Note that in these examples, the resulting `freq_score` is always *1.0* (the maximum) because there is no frequency information associated with our lexicon. Our aspell lexicon was just a plain list of words. Analiticcl often produces better results if corpus-derived frequency information is available in the lexicon, these can be provided as simple counts (integers) in the second column of the tab separated format. The system will then be more inclined to pick high-frequent words over those with low frequency. The weight of the frequency component can be set in `freq_weight` in `SearchParameters`, a value of 0.5 would mean that the frequency score is deemed half as strong/important as the distance score, a value of 2 would mean if is twice as strong/important, a value of 0 disables it entirely (default). A value of 0.25 might be a reasonable default to set if you have frequency information in your lexicon(s). If you load multiple lexicons with frequency information, all frequencies must be expressed on the same scale (e.g. derived from the same corpus).

The weights for the similarity/distance computations are set via keyword arguments on initialisation of the `Weights` class, which was, if you recall, passed once when we instantiated the `VariantModel`. We distinguish the following weights, all are floating point values, each corresponds to a component in the similarity/distance computation:

* ``ld`` - Edit/Levenshtein distance. This is usually the main component (with highest weight) in the similarity computation (default: 0.5)
* ``lcs`` - Longest Common Substring (default: 0.125)
* ``prefix`` - Prefix match. Looks at common prefixes (default: 0.125)
* ``suffix`` - Suffix match. Looks at common suffixes (default: 0.125)
* ``case`` - Casing. Looks at uppercase/lowercase differences  (default: 0.125)

You can set a value to 0.0 to disable a component. The weights are most easily interpretable if their sum is 1.0, but this is not a requirement (the system will do the normalisation for you).
The result of computation using of these weights ends up in the results dictionary under the `dist_score` key.

## Searching

Using the `find_variants() ` method you query analiticcl's variant model with an exact input string and ask it to correct it as a single unit. This
effectively implements the *correction* part of a spelling-correction system, but does not really handle the *detection*
aspect that automatically determines which part of the input needs correction in the first place.
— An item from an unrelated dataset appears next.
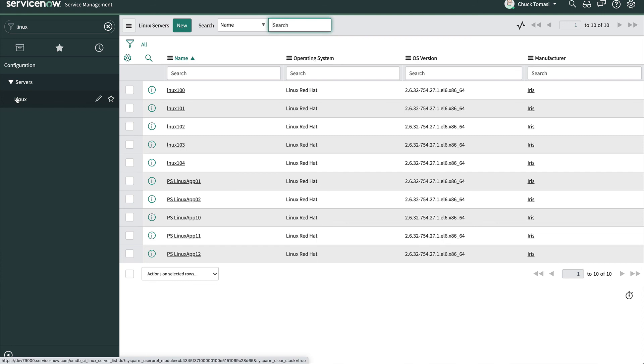If we get another spreadsheet, we can skip the part about creating the import set table and use the same transform map. Import sets are very powerful and easy to configure. They're a very common way to import data from a variety of sources. I hope you'll join me for the next video when we'll do another import set with a bit more complexity.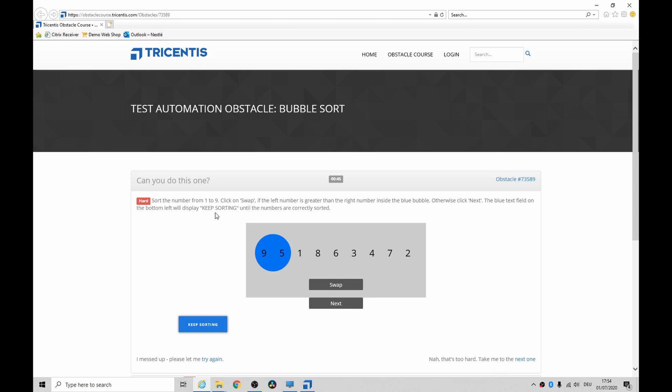Hey folks, how's it going? Today we're looking at bubble sort. It's the second last of the obstacles and it is one of the hardest ones I've come across so far.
If you want to *detect* and subsequently *correct* possible errors in running text, you need the `find_all_matches()`  method.
The input is running text (a string) and analiticcl will return all matches it can find:

In [13]:
matches = model.find_all_matches("We would like seperate beds", SearchParameters(unicodeoffsets=True))
for match in matches:
    print(match)

{'input': 'We', 'offset': {'begin': 0, 'end': 2}, 'variants': [{'text': 'we', 'score': 0.875, 'dist_score': 0.875, 'freq_score': 1.0, 'lexicons': ['examples/eng.aspell.lexicon']}, {'text': 'Wei', 'score': 0.625, 'dist_score': 0.625, 'freq_score': 1.0, 'lexicons': ['examples/eng.aspell.lexicon']}, {'text': 'Web', 'score': 0.625, 'dist_score': 0.625, 'freq_score': 1.0, 'lexicons': ['examples/eng.aspell.lexicon']}, {'text': 'Wed', 'score': 0.625, 'dist_score': 0.625, 'freq_score': 1.0, 'lexicons': ['examples/eng.aspell.lexicon']}, {'text': 'wee', 'score': 0.5625, 'dist_score': 0.5625, 'freq_score': 1.0, 'lexicons': ['examples/eng.aspell.lexicon']}, {'text': 'E', 'score': 0.5, 'dist_score': 0.5, 'freq_score': 1.0, 'lexicons': ['examples/eng.aspell.lexicon']}, {'text': 'W', 'score': 0.5, 'dist_score': 0.5, 'freq_score': 1.0, 'lexicons': ['examples/eng.aspell.lexicon']}, {'text': 'awe', 'score': 0.5, 'dist_score': 0.5, 'freq_score': 1.0, 'lexicons': ['examples/eng.aspell.lexicon']}, {'text':

Each match will refer back to the string using *begin* and *end* offsets (the end is non-inclusive), if `unicodeoffsets` is set in `SearchParameters` then these will be unicode codepoints, otherwise they will be UTF-8 bytes (analiticcl's internal representation). For Python, you almost always will want to set `unicodeoffsets=True` as that corresponds with how Python deals with string indexing.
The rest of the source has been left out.